The Go programming culture and library ecosystem allowed me to work effectively further down the software stack to build a PDF Full Text Search library. The main factors that made it possible were:
- Most of the work in my solution was done by the high-quality Go libraries my library calls, UniDoc for the PDF text extraction and bleve for the indexing and full text search.
- These two libraries were written in Go style so they were simple and I could understand how they worked which allowed me to figure out how to combine them to solve my problem.
- It was possible to do PDF full text search with these two libraries using one simple additional concept, a mapping between PDF text bounding boxes and the offsets of substrings in the text extracted from PDF pages.

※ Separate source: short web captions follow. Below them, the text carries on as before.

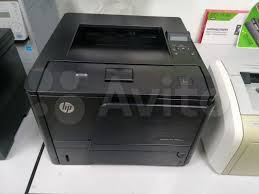 Hp laserjet pro 400 m401 1. Printer Hp Laserjet Pro 400 M401a Kupit V Samare Bytovaya Elektronika Avito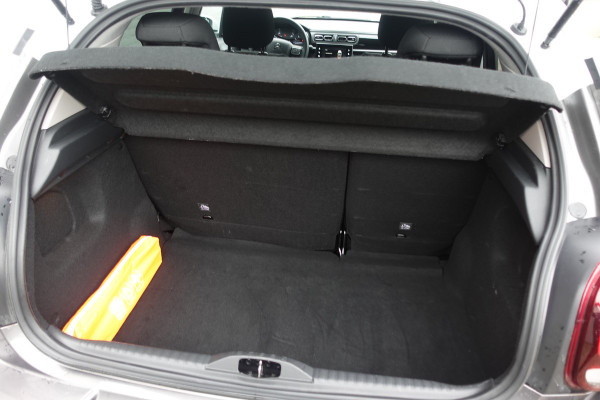 Citroën C3 1.2 PureTech 110 Shine | Automaat | Navi | Camera | Stoel vw | Dodehoek | Lage km | 12 mnd Bovag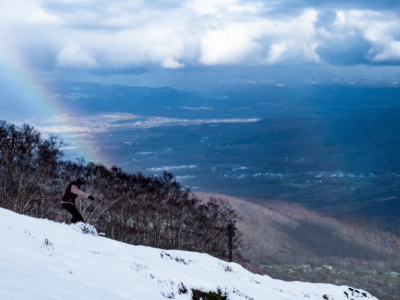First Run 2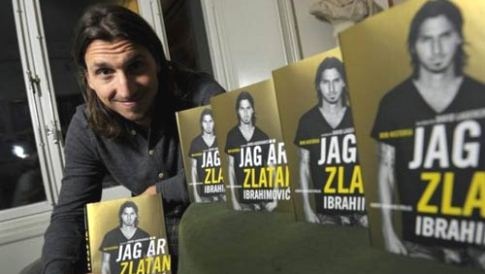 'Toi la Zlatan Ibrahimovic': hay khac biet va se thanh cong hinh anh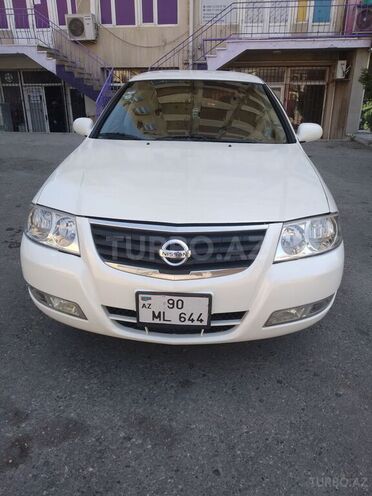 Nissan Sunny 2011, 161,000 km - 1.6 l - Bakı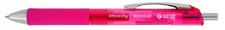 Penna gel rosa automatica - , 0,5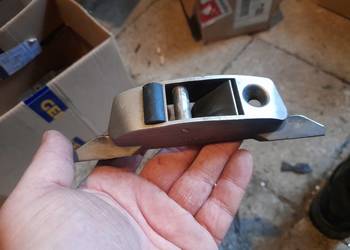 Rygle/zamki BMW Z4 E85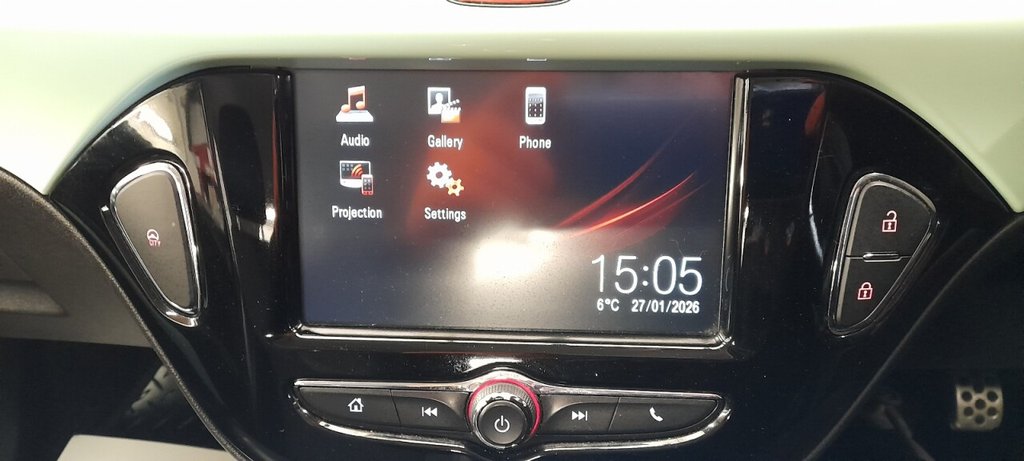 Used Vauxhall ADAM 2017 for sale - 77356095: Photo 18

- It took only a small pull request to UniDoc to get a function that provided these mappings. UniDoc's idiomatic Go style made this simple.

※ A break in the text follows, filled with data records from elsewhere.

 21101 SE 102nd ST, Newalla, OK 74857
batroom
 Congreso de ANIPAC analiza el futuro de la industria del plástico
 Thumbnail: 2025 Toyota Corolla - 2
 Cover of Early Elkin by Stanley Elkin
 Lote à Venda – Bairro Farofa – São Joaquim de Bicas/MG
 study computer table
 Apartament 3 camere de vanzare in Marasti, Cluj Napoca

- It was easy to create bleve indexes over the text extracted by UniDoc then do full text search in bleve to get back the page numbers and offsets of the matches. Then I used the offset-bounding-box mappings above and more UniDoc code to mark up the original PDFs with rectangles around the matches.
This sounds straightforward and it was. But it didn't have to be. Not all software stacks have code much functionality that is as easy to understand and use as that in the Go ecosystem.
Doing PDF full text search with a pure Go library provided several benefits for the software products my employer, PaperCut, makes.
- Product developers could just call my library from my Go code rather than setting up a web service running Elasticsearch. The developer time saved here quickly paid back the 2-3 developer weeks I spent writing the Go library.
- The code was used in three apps that were all easy with light-weight executables but would have
been harder with big Java apps running on a JVM.
- Search over a user’s files stored locally on disk. Nothing leaves the user's computer.
- Check for terms in a PDF as it arrives. (Short-lived in-memory index.)
- Search over a shared index stored on a bucket. The app writer needed to run the indexing and search code on a Google node and to store the index as a flat memory buffer.
Using a simple pure Go library for PDF full text search has several additional advantages:
- It runs fast. This is a Go app that does nothing but index and search PDFs. It is a tiny fraction of the code in Adobe Reader. Therefore it can run fast.
- It can be fixed fast. There are heuristics in text extraction. These are much easier to tweek in idiomatic Go than in mature Java code.
- It is possible to extend to domain-specific searches with some extra Go coding. E.g. Extract tables from the PDFs and create indexes over tables for scientific and financial work.
PaperCut decided to open source this code to allow our software product teams to work at the top of the Go software stack and use a simple high-value open source library for functionality. (This means that I will spend some time cleaning up the code over the next few weeks in the hope that software product developers can use it the way I used Go libraries it is based on.)
Peter Williams is the lead developer of enabling technologies at PaperCut. He develops libraries and features for PaperCut’s products.
Peter has been developing in Go for the last few years. Some of the features and components he has recently written in Go for PaperCut are
- A printing back-end for Google Cloud Print.
- A printing back-end and IPP stack for PaperCut Mobility.
- PDF grayscale conversion.
- PDF watermarking.